# SalesPulse: Data Preparation & Integration
## Notebook 2 of 4

This notebook focuses on:
1. Advanced cleaning (outlier clipping & categorical standardization)
2. Standardizing schemas for multi-source integration
3. Applying the Feature Engineering module
4. Exporting processed data for forecasting

In [6]:
import pandas as pd
import numpy as np
import sys
import os

sys.path.append('../src')
from feature_engineering import FeatureEngineer

print("✓ Environment initialized")

✓ Environment initialized


## 1. Clean and Standardize Online Retail
Standardizing names and calculating sales.

In [7]:
import os
import pandas as pd

retail_path = '../data/raw/Online Retail.csv'
retail_std = pd.DataFrame() 

if os.path.exists(retail_path):
    df_retail = pd.read_csv(retail_path, encoding='utf-8-sig')
    df_retail.columns = df_retail.columns.str.strip()
    
    retail_rename_map = {
        'InvoiceNo': 'order_id',
        'StockCode': 'product_id',
        'Quantity': 'quantity',
        'InvoiceDate': 'order_date',
        'UnitPrice': 'unit_price',
        'CustomerID': 'customer_id',
        'Country': 'region'
    }
    
    retail_std = df_retail.rename(columns=retail_rename_map)
    
    retail_std = retail_std.dropna(subset=['customer_id'])
    retail_std = retail_std[(retail_std['quantity'] > 0) & (retail_std['unit_price'] > 0)]
    
    retail_std['sales'] = retail_std['quantity'] * retail_std['unit_price']
    retail_std['order_date'] = pd.to_datetime(retail_std['order_date'])
    
    target_cols = ["order_id", "order_date", "customer_id", "product_id", "quantity", "sales", "region", "unit_price"]
    retail_std = retail_std[target_cols]
    
    print(f"Retail Cleaned: {retail_std.shape}")

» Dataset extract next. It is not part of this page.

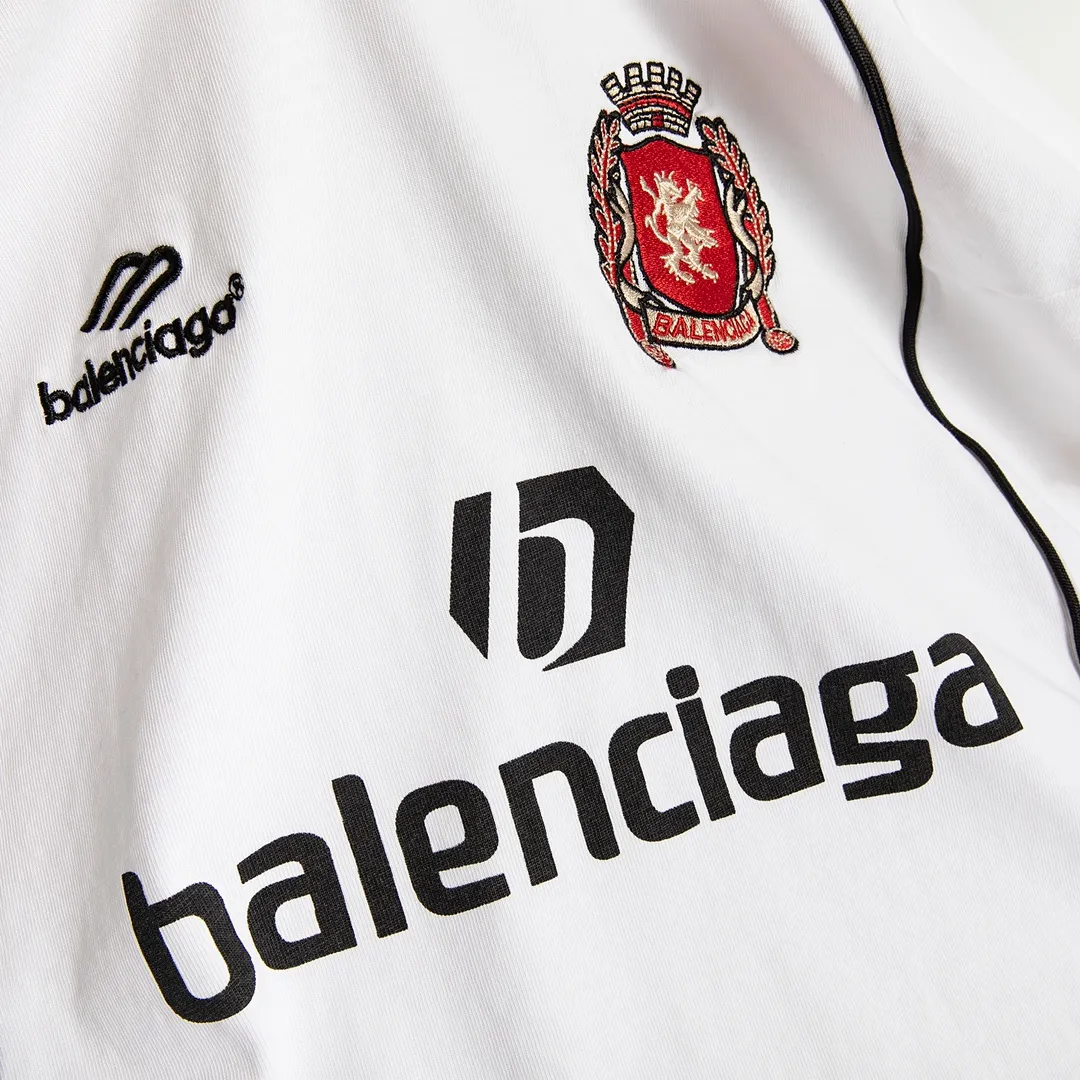 🅿️250 8151# Detailed picture Top version [[BALENCIA*GA] official website quality Paris new joint football jersey long-sleeved T-shirt OS version Loose dropped shoulders Unisex fabric: 260g 100% cotton double yarn Process: front and rear panel printing front panel embroidery garment wash shaping solid color Color: black white pink red fluorescent yellow Size: XS S M L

Retail Cleaned: (397884, 8)


## 2. Clean and Standardize Superstore
Aligning formatting with the Retail dataset.

In [8]:
df_superstore = pd.read_csv('../data/raw/superstore_final_dataset.csv', encoding='ISO-8859-1')
df_superstore.columns = df_superstore.columns.str.strip()

df_superstore['Order_Date'] = pd.to_datetime(df_superstore['Order_Date'], dayfirst=True)

super_std = df_superstore.rename(columns={
    'Order_ID': 'order_id',
    'Order_Date': 'order_date',
    'Customer_ID': 'customer_id',
    'Product_ID': 'product_id',
    'Sales': 'sales',
    'Region': 'region'
})

super_std['quantity'] = 1 
super_std['unit_price'] = super_std['sales']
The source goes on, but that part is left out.